As regular CFZ-watchers will know, for some time Corinna has been doing a column for Animals & Men and a regular segment on On The Track... particularly about out-of-place birds and rare vagrants. There seem to be more and more bird stories from all over the world hitting the news these days so, to make room for them all - and to give them all equal and worthy coverage - she has set up this new blog to cover all things feathery and Fortean.

Sunday, 7 August 2016

Brazilian Cows Are Killing Endangered Birds—But ‘Bird-Safe’ Beef Could Help


WRITTEN BY JOHN R. PLATT
August 2, 2016 // 09:00 AM EST

We’ve all heard of grass-fed beef, but here’s a new twist: beef that doesn’t trample the habitats or nests of grassland birds.

This innovative idea comes out of Brazil, where a network of conservation organizations have teamed up with the Carrefour supermarket chain to test-market all-natural beef that is raised in an extra-sustainable manner.

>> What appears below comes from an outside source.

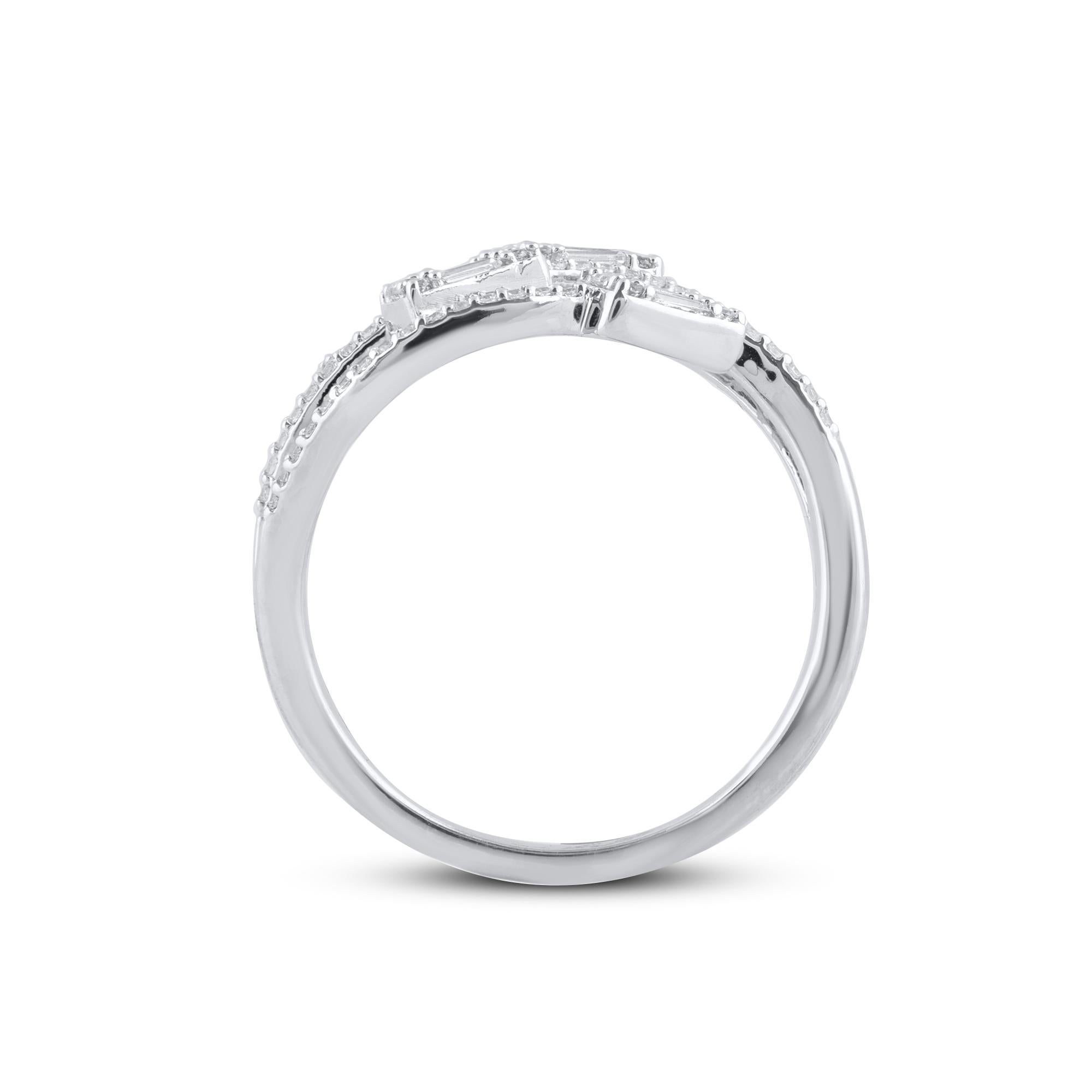TJD 0,50 carati, diamante rotondo e baguette, oro bianco 14 carati, anello bypass di design In condizioni Nuovo in vendita a New York, NY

The bird-safe beef—bearing the logo of Alianza del Pastizal (“Grassland Alliance”)—is currently for sale in two grocery stores in the city of Porto Alegre. If consumers respond well to the initial three-month promotion, the beef will hopefully be rolled out to a larger number of stores, said Pedro Develey, director of SAVE Brasil, one of the four conservation organizations involved in the program.

So how is this beef better for birds? Well, the meat in question all comes from cattle ranches on what’s known as the Southern Cone grasslands, which range from Brazil down to Argentina. This million-square-kilometer network of prairies—home to 12 endangered bird species, including the saffron-cowled blackbird (Xanthopsar flavus), the marsh seedeater (Sporophila palustris), the chestnut seedeater (Sporophila cinnamomea) and the black-and-white monjita (Xolmis dominicanus)—faces ever-increasing pressures from industrial-scale agricultural companies, which are snapping up the land to raise cattle.

Not only does this involve converting much of the grassland into agricultural plant species, it also leaves the ground-dwelling birds and their nests susceptible to being trampled to death by herds of hungry cows.